• **Exercise details**: Here is a listing. Write it all out again exactly, but not its pictures.

· · ·

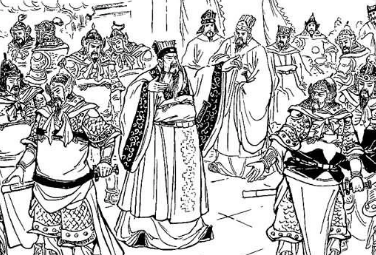 挟天子令诸侯是什么意思？这一典故出自哪里？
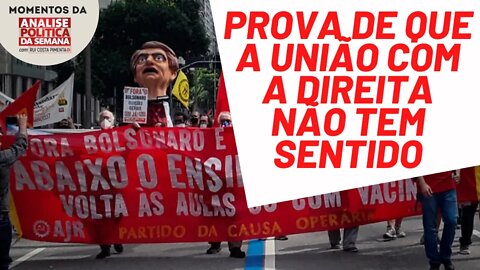 Balanço do 2 de outubro | Momentos da Análise Política da Semana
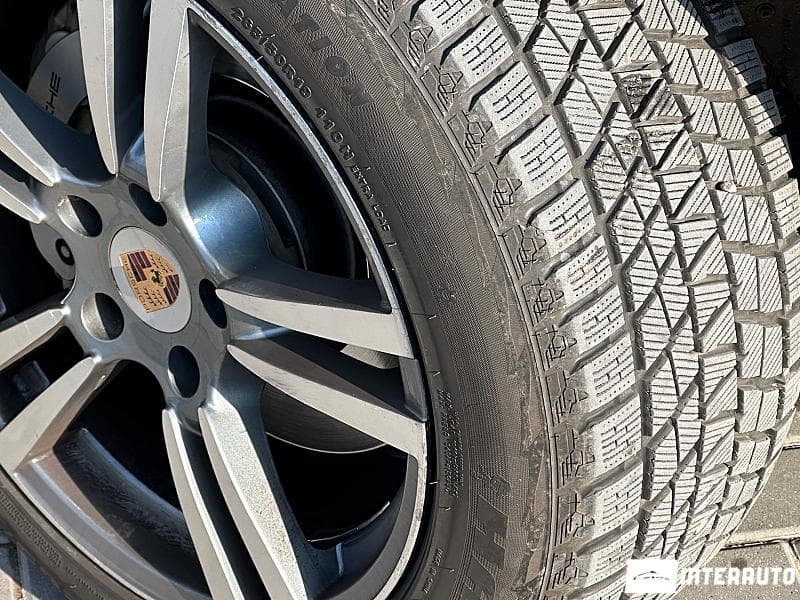 2014 Porsche Cayenne S Hybrid — Miniatură 21
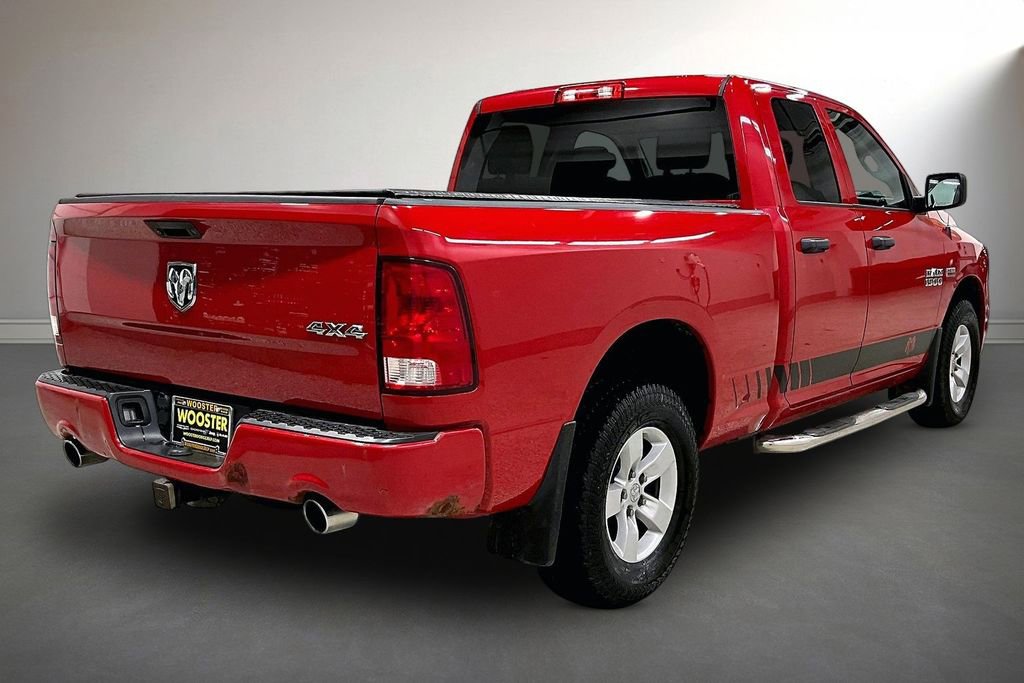 Used 2018 RAM 1500 Express image 5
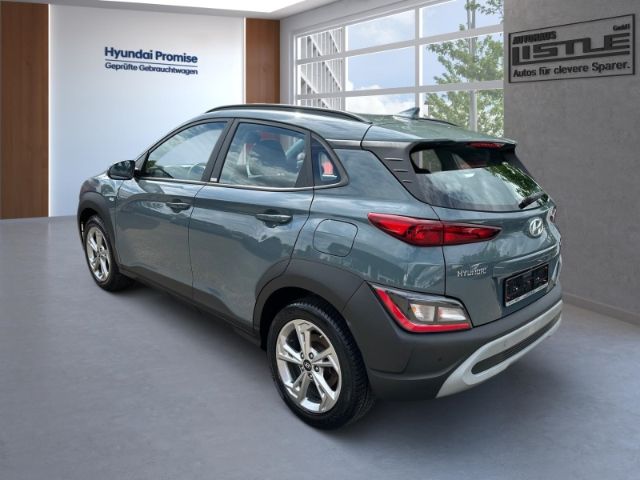 Fahrzeugabbildung Hyundai KONA Trend Mild-Hybrid  Navi+AppleCarPlay+Androi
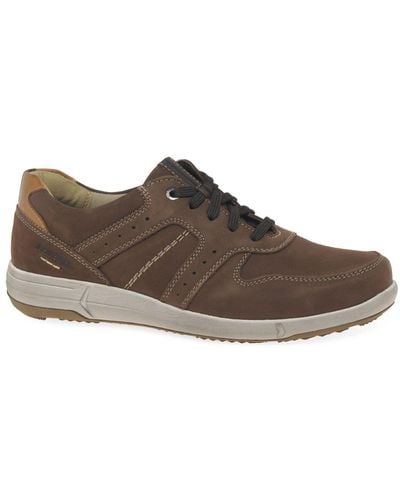Josef Seibel Enrico 28 Shoes - Brown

· · ·

• **Exercise result**:
 挟天子令诸侯是什么意思？这一典故出自哪里？
 Balanço do 2 de outubro | Momentos da Análise Política da Semana
 2014 Porsche Cayenne S Hybrid — Miniatură 21
 Used 2018 RAM 1500 Express image 5
 Fahrzeugabbildung Hyundai KONA Trend Mild-Hybrid  Navi+AppleCarPlay+Androi
Josef Seibel Enrico 28 Shoes - Brown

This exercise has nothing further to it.